Am Freitag hatte die grün-rote Landesregierung im Lenkungskreis darauf verzichtet, für den Preis von 56 Millionen Euro den Baustillstand bis Mitte Juli zu verlängern. Landesverkehrsminister Winfried Hermann begründete das mit dem Datenmaterial, das die Bahn geliefert habe: Der Kostenvoranschlag sei "relativ unpräzise" gewesen.
Zunächst soll nach Angaben der Bahn am Nordflügel des Bahnhofs die Baustelleneinrichtung für das geplante unterirdische Technikgebäude vorbereitet werden. Über weitere Schritte will der Konzern an diesem Mittwoch auf einer Pressekonferenz berichten.

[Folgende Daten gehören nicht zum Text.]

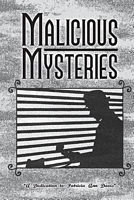 Malicious Mysteries
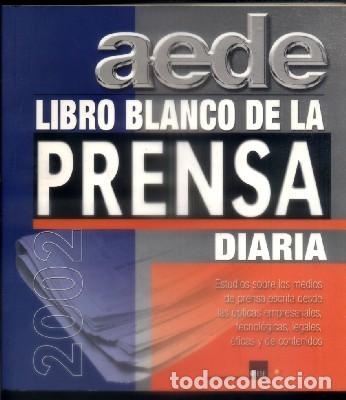 Libros de segunda mano: AEDE. LIBRO BLANCO DE LA PRENSA DIARIA. 2002.  A-PERIO-273 - Foto 1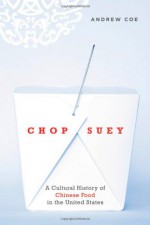 Chop Suey: A Cultural History of Chinese Food in the United States - Andrew Coe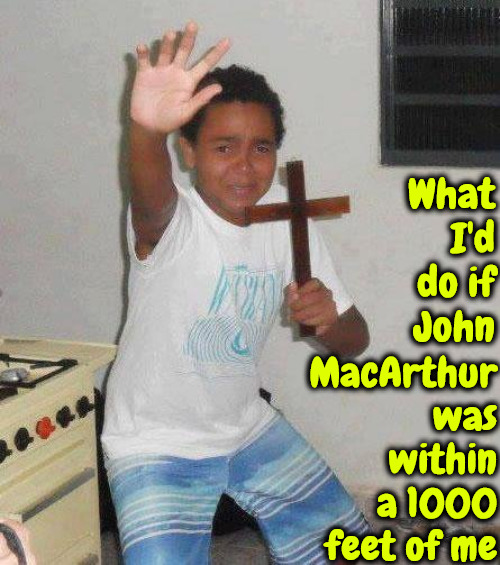 Possessed Heretic | MacArthur was within a 1000 feet of me; What I'd do if John | image tagged in kid with cross,possessed,false teacher,calvinism,reformed theology,r/dankchristianmemes | made w/ Imgflip meme maker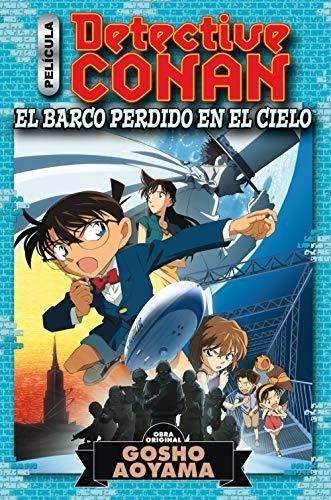 Detective Conan Anime Comic Nº 01 El Barco Perdido En El Cie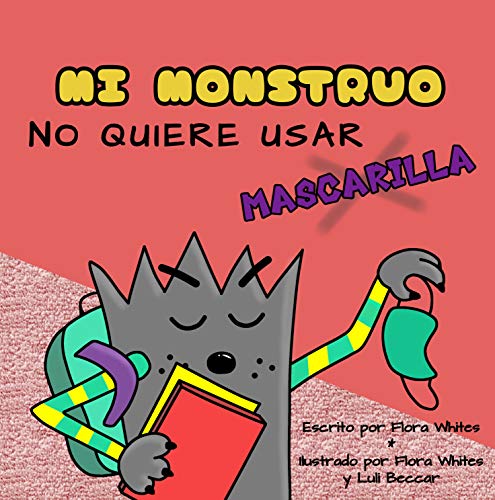 MI MONSTRUO NO QUIERE USAR MASCARILLA: Un libro para niños de 3 a 10 años sobre la escolaridad en tiempos de pandemia.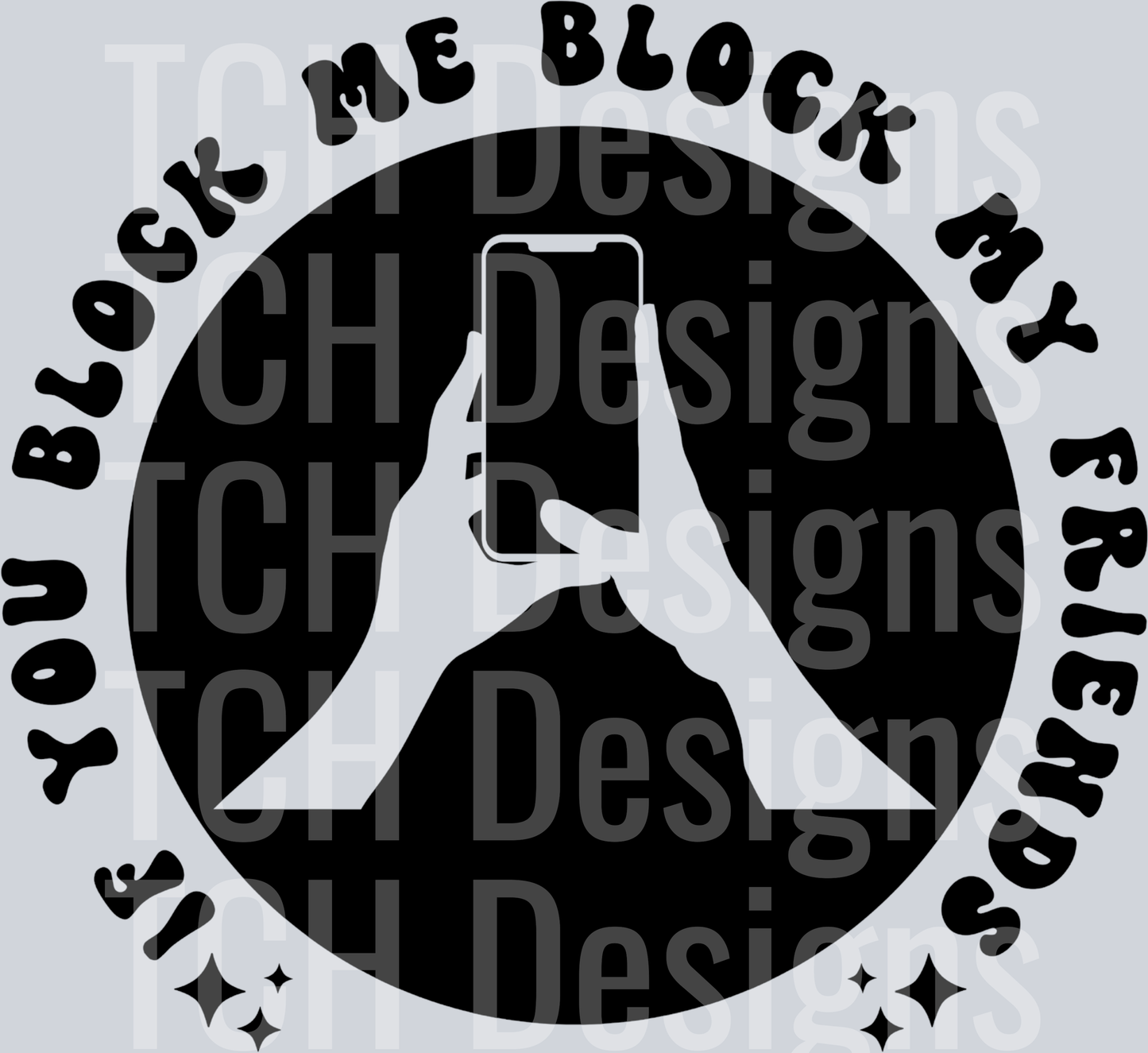 IF YOU BLOCK ME BLOCK MY FRIENDS POCKET HWDS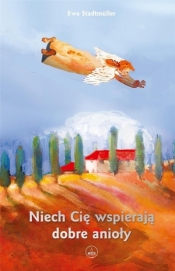 Niech Cię wspierają dobre anioły - Ewa Stadtmüller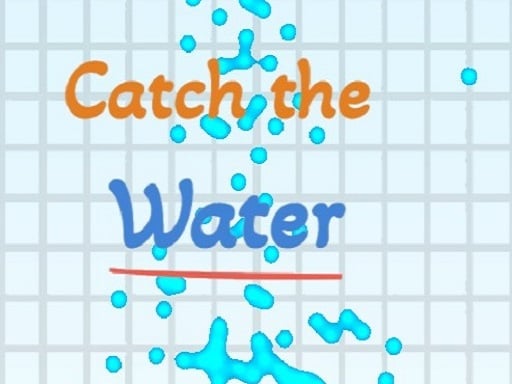 Catch the water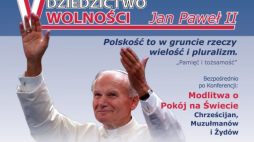 Konferencja naukowa „Dziedzictwo wolności: Jan Paweł II. Polskość to w gruncie rzeczy wielość i pluralizm”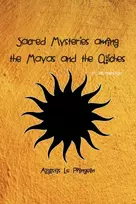 KNYGA Bookshop Sacred Mysteries among the Mayas and the Quiches - 11, 500 Years Ago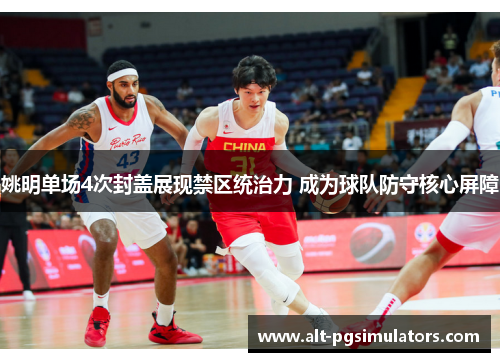 姚明单场4次封盖展现禁区统治力 成为球队防守核心屏障 姚明单场4次封盖展现禁区统治力 成为球队防守核心屏障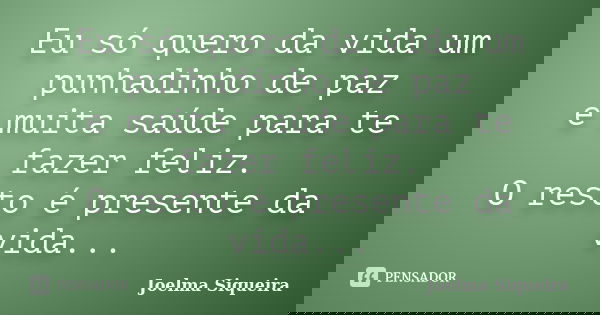Eu só quero da vida um punhadinho de paz e muita saúde para te fazer feliz. O resto é presente da vida...... Frase de Joelma Siqueira.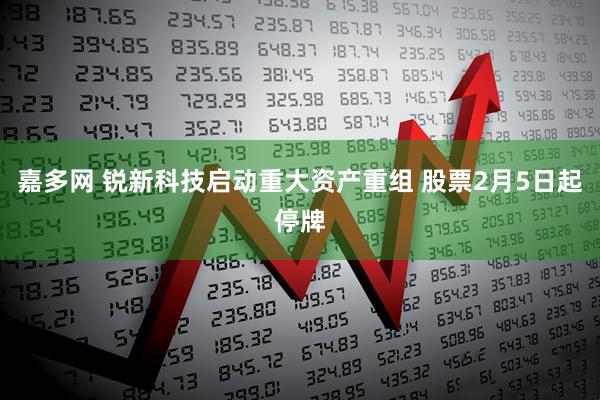 嘉多网 锐新科技启动重大资产重组 股票2月5日起停牌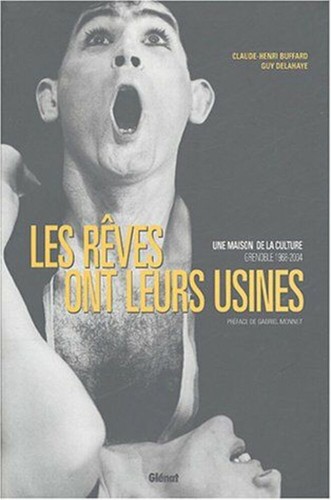 Les rêves ont leurs usines - , |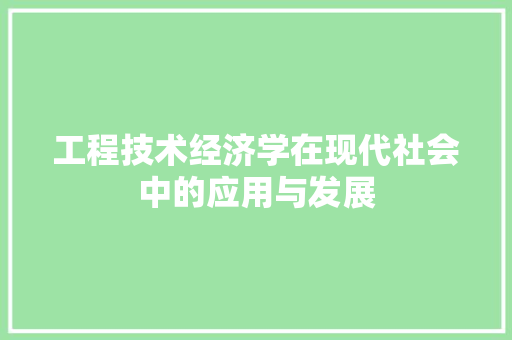 工程技术经济学在现代社会中的应用与发展 现代风格装饰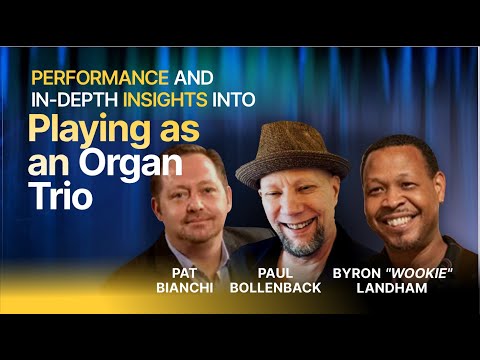 INSIGHTS: Trio Performance with Paul Bollenback, Pat Bianchi, and Byron "Wookie" Landham
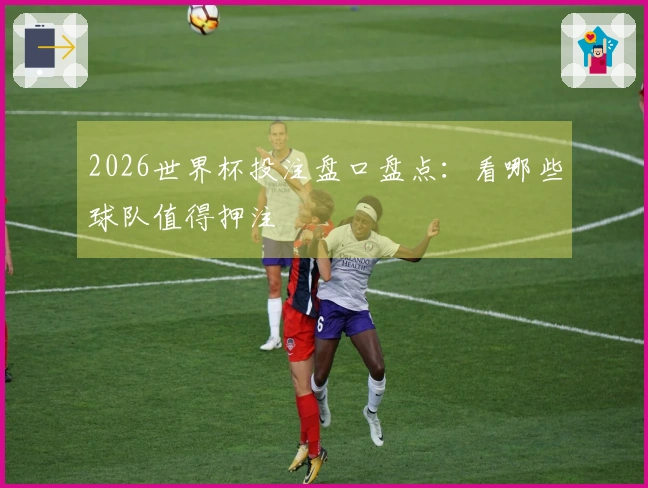 2026世界杯投注盘口盘点：看哪些球队值得押注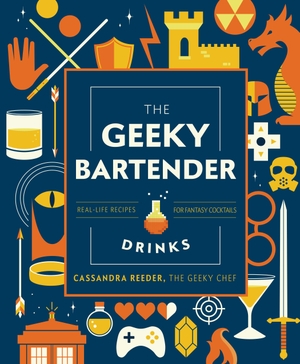 Reeder, Cassandra. The Geeky Bartender Drinks - Real-Life Recipes for Fantasy Cocktails. Quarto Publishing Group USA Inc, 2020.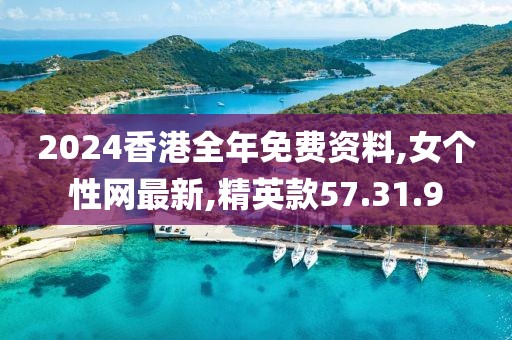 2024香港全年免费资料,女个性网最新,精英款57.31.9
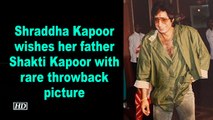 Shraddha Kapoor wishes her father Shakti Kapoor with rare throwback picture
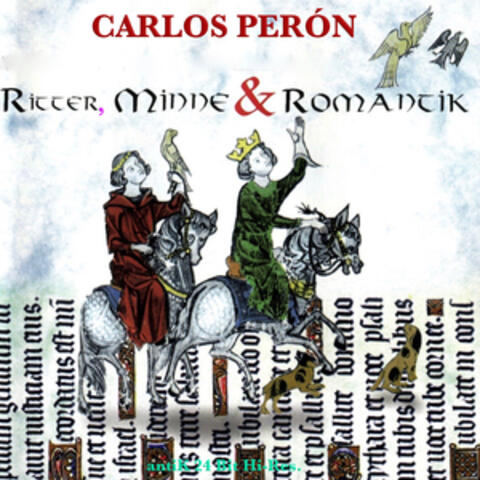 Ritter, Minne und Romantik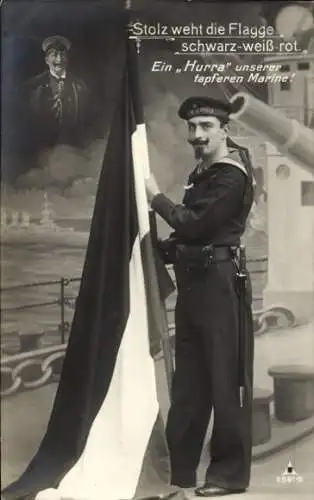 Ak Stolz weht die Flagge, Seemann auf einem Kriegsschiff, SMS Posen, Kaiser Wilhelm II.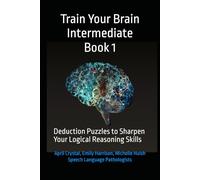 Train Your Brain Intermediate Book 1: Deduction Puzzles to Sharpen Your Logical Reasoning Skills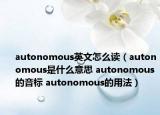 autonomous英文怎么读（autonomous是什么意思 autonomous的音标 autonomous的用法）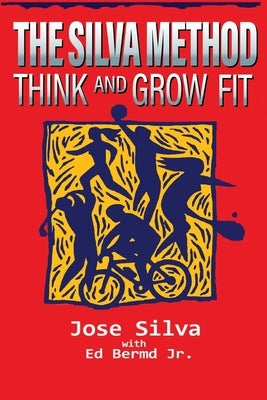 The Silva Method: Think and Grow Fit by Silva, Jose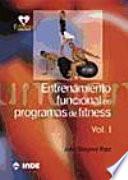 Entrenamiento funcional en programas de fitness. Volumen I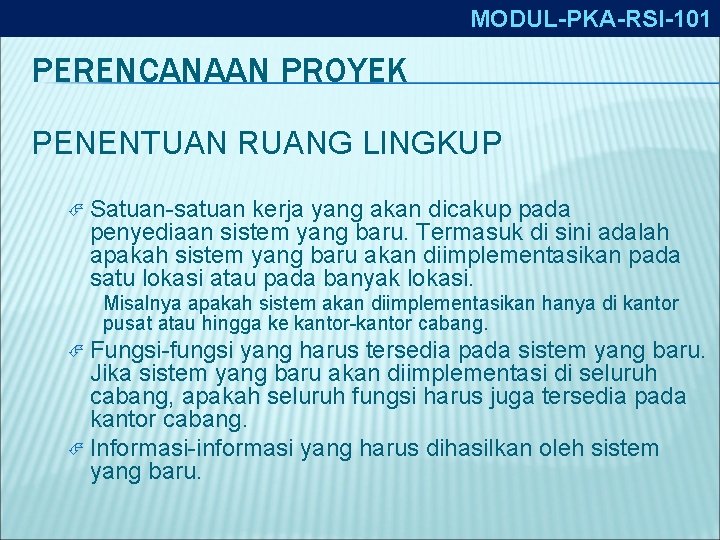 MODUL-PKA-RSI-101 PERENCANAAN PROYEK PENENTUAN RUANG LINGKUP Satuan-satuan kerja yang akan dicakup pada penyediaan sistem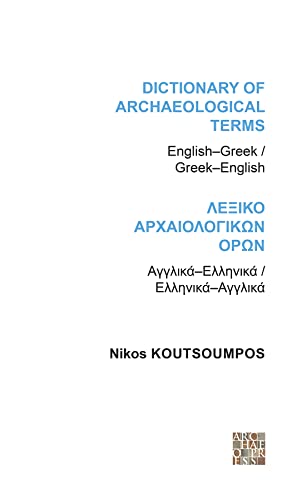 Dictionary of Archaeological Terms: English/Greek - Greek/English: Lexiko Archaiologikaon Oraon : Anglika-Hellaenika / Hellaenika-Anglika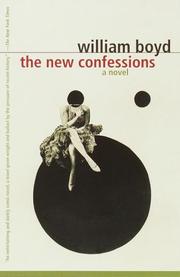 Cover of: The new confessions by William Boyd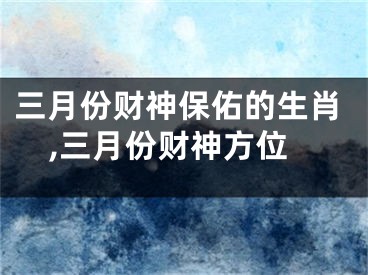 三月份财神保佑的生肖,三月份财神方位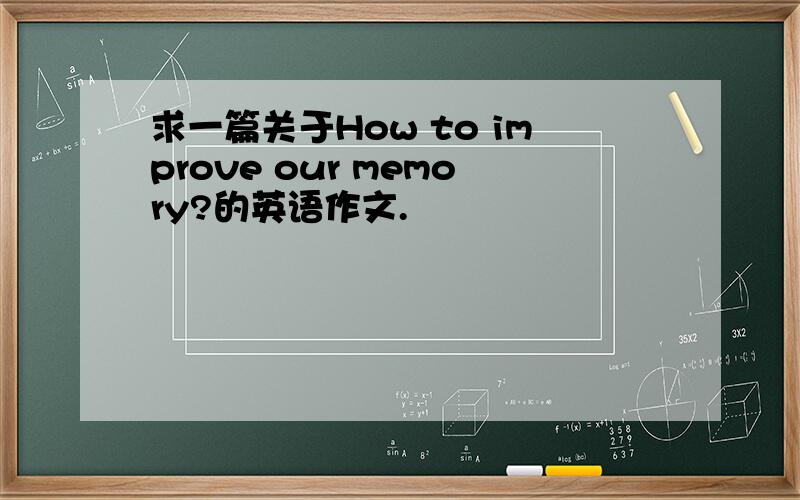 求一篇关于How to improve our memory?的英语作文.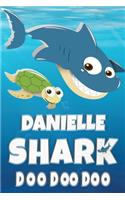 Danielle Name: Danielle Shark Doo Doo Doo Notebook Journal For Drawing Taking Notes and Writing, Personal Named Firstname Or Surname For Someone Called Danielle Gi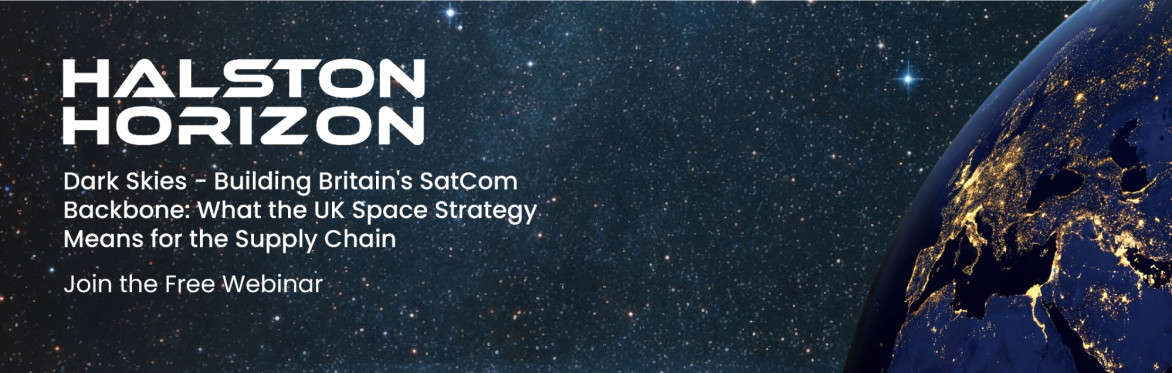 Halston Horizon: Dark Skies - Building Britain's SatCom Backbone: What the UK Space Strategy Means for the Supply Chain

Vor der Stuttgart-21-Baustelle protestierten am Donnerstagmorgen wieder Gegner des Projekts. Polizei und Organisatoren sprachen von insgesamt etwa 300 Demonstrationsteilnehmern, etwa 130 davon beteiligten sich an zwei verschiedenen Sitzblockaden: Eine davon betraf die Zufahrt zur Baustelle am Nordflügel, die andere ein Gebäude für die Grundwasserregulierung an der Südseite. Mit ihrer Protestaktion schnitten die Blockierer mehreren Baufahrzeugen den Weg ab. Die Polizei beendete die Sitzblockade schließlich - gegen 9.45 Uhr konnten die Baufahrzeuge wieder passieren.
Nach Angaben der Parkschützer hatten sich auch mehrere "Unternehmer gegen Stuttgart 21" an der Aktion beteiligt. Der Sprecher der Unternehmer, Stefan Krüger, sagte: "Die Bahn handelt aus unternehmerischer Sicht verantwortungslos, wenn sie einfach weiterbaut, obwohl Teile von Stuttgart 21 noch nicht einmal per Planfeststellungsbeschluss genehmigt sind." Auch fehlten bis heute belastbare Kalkulationsunterlagen.
Aufschub gegen Geld
Trotzdem schaffe die Bahn in baulicher Hinsicht weitere Fakten. "Dieses Risiko muss dann auch die Bahn tragen, nicht die Allgemeinheit", forderte Krüger. Die "Unternehmer gegen Stuttgart 21" sind nach eigenen Angaben ein Zusammenschluss von inzwischen 950 Unternehmern, die sich gegen das Projekt aussprechen.
Baden-Württembergs Verkehrsminister Winfried Hermann zeigte sich enttäuscht über die Wiederaufnahme der Bauarbeiten: "Die Bahn hat leider das getan, wovor wir sie gewarnt haben. Sie sollte nicht weiterbauen - wenigstens bis zum Ende des Stresstests. Ich betrachte das als großen Fehler", erklärte der Verkehrsminister.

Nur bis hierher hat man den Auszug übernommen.